The data –
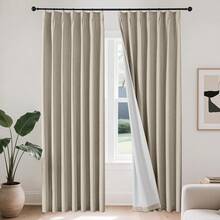 Sheer Curtains 84 Inches Long, White Curtains Living Room 2 Panels Set, Linen Curtains Window Privacy With Filtering (W52 X L84 Inch, Linen), Home Decor - 棕色|捏褶 - 查看 5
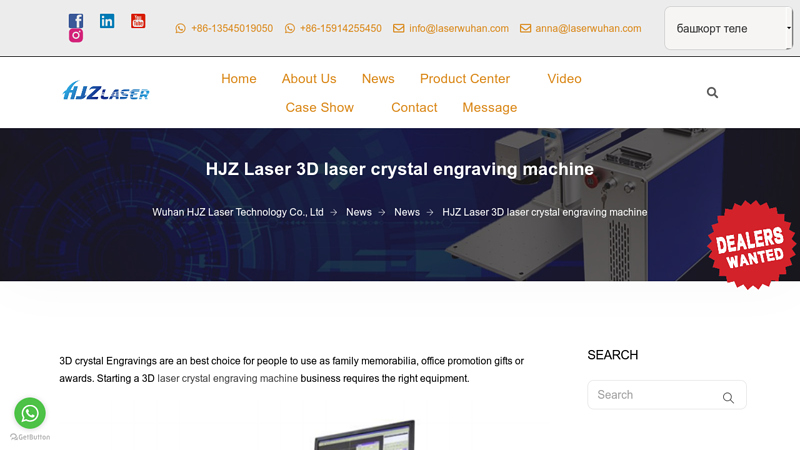 Laser crystal engraving machine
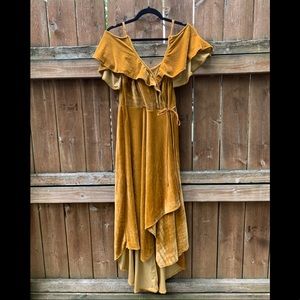 Gold velvet dress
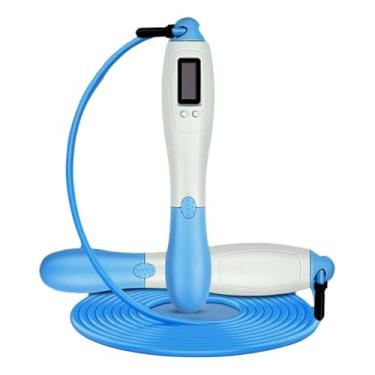 Imagem de Corda de pular digital com visor LCD, contador de calorias, temporizador, design sem fio, equipamento de exercício físico (bola de uso duplo - branco e azul)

Your goal –
Transcribe the listing exactly; omit all images.

Answer space –
 Sheer Curtains 84 Inches Long, White Curtains Living Room 2 Panels Set, Linen Curtains Window Privacy With Filtering (W52 X L84 Inch, Linen), Home Decor - 棕色|捏褶 - 查看 5
 Laser crystal engraving machine
 Gold velvet dress
 Imagem de Corda de pular digital com visor LCD, contador de calorias, temporizador, design sem fio, equipamento de exercício físico (bola de uso duplo - branco e azul)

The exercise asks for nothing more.